SVENJA SCHMITT | GAME designer and co-founder of Teamera, a company for serious games
Svenja, what do you love about your job?
The freedom to realise my creative ideas and watch them in action. I like it when people have an inspiring gaming experience through my work and take away concrete impulses for their everyday lives from our games.
Why serious games?
Ultimately, play is a serious subject. We learn and understand through play and thus explore topics or issues as children that we will need later in everyday life: How do you plan and construct buildings? How do you add up the dice you win at Yahtzee? How do you deal with losing in a game?
Serious games do nothing different and pick up on something that we adults also like to do. Play. I always like to say: we don't stop playing because we get old, we get old because we stop playing.
With our serious games, we at teamera would like to encourage adults to play more in their everyday working lives. Playing is far more than just a pastime and entertainment. Playing is togetherness, communication, experimentation, questioning, leaving the comfort zone. And all this in a relaxed, joyful and motivating atmosphere.
Our serious game provides teams with concrete ideas for collaboration, team organisation and communication, leadership and project management.
Playing - a passion turned into a profession
You're not born a game developer. How did you get to where you are now?
I grew up with 3 siblings and have always enjoyed playing a lot: Board games, card games, video games. And by the end of my school years, it was clear that I wanted to go in this direction. After graduating from high school, I trained in game design at the design college in Schwerin. There and during several internships, I familiarised myself with the various stages of video game development. Following this, I completed a degree in Japanese Studies and worked in a Japanese video game company, where I helped develop an "Educational Game Based Learning" game for schoolchildren. The game was designed to help these children learn English.
As part of this game development, I was able to combine my experience of learning a foreign language with my expertise in game design. I was so fascinated by this that I dedicated my bachelor's thesis to the topic of "Language acquisition through video games".
I then wanted to continue with this professionally. That's why I started to study ludology, i.e. the science of games, more intensively and to look at people as playful beings.

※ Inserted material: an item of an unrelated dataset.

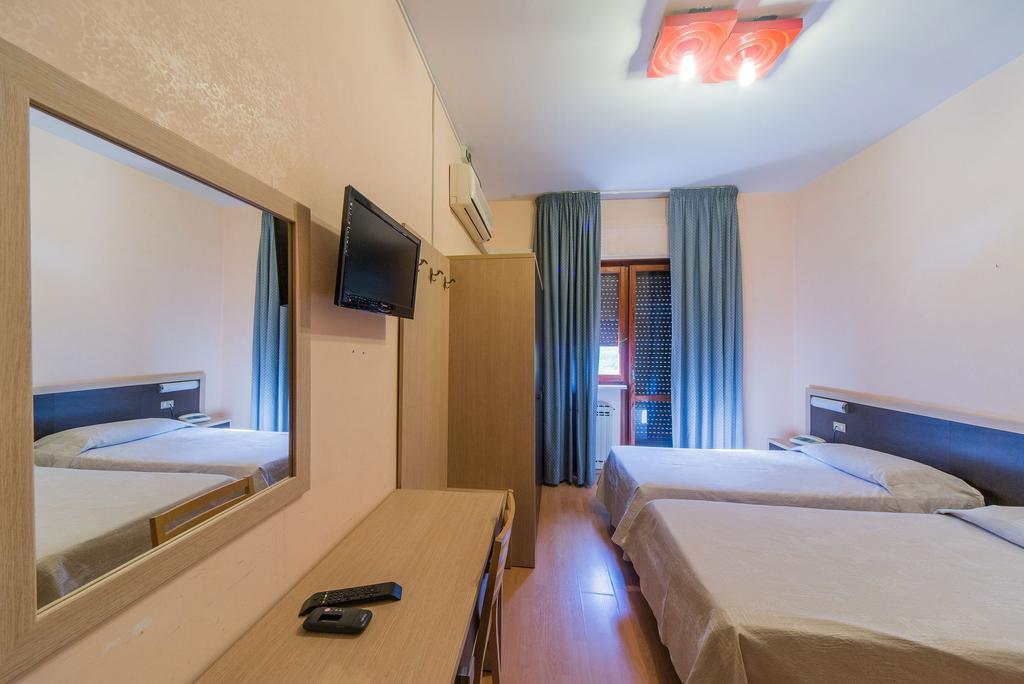 Hotel Del Camerlengo Fara San Martino Oda fotoğraf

We are now addressing this question in our start-up "teamera": How can we playfully empower teams to work better together?

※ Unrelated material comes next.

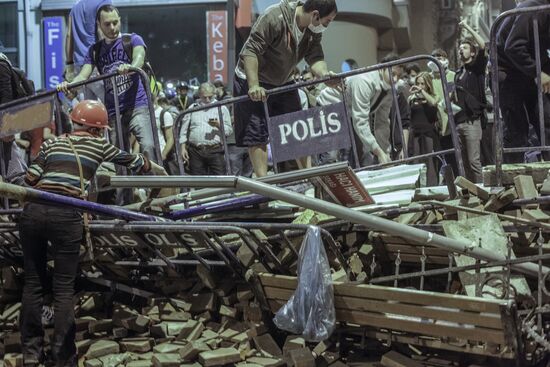 Protesters clash with police in Turkey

TEAM DEVELOPMENT IN THE ANTARCTIC ICE
Your game "Eternal Ice" is set in the eternal ice of Antarctica. Why eternal ice? Why Antarctica?
We wanted to offer all participants the same starting opportunities and looked for an environment in which nobody had ever been before. This could have been on a Mars station, in an ant hill or in Antarctica. We opted for Antarctica because it is not quite as abstract as the other options and every player can certainly imagine what it is like to be in the freezing cold, surrounded by icebergs, far away from civilisation.
Working in the flow
How many hours a day do you spend at the computer as a game designer?
About 50% of my working time - but not all of it is filled with game design, but also with entrepreneurial activities: Customer consulting, accounting, business meetings, answering emails.
The other 50% I'm on the move, either in my second job at the gym or wakeboarding on the water.
What does it mean for you to be in the flow?
I love this state. I wrote parts of my bachelor's thesis in the flow. Back then, I put 20 pages on paper in one weekend and it was like being in a tunnel. The ideas just flowed. This state is extremely important for creative people, as we can't produce ideas at the push of a button.
I would like to see flow become even more prevalent in the world of work and for productive phases to alternate with relaxation and for people to stop trying to kill time at their desks.
S.W.: This also requires that you are in good contact with yourself and recognise the initial spark that precedes the flow.
That's right.
How do you get into the flow?
With good music. When I have the right soundtrack on, I can forget the time.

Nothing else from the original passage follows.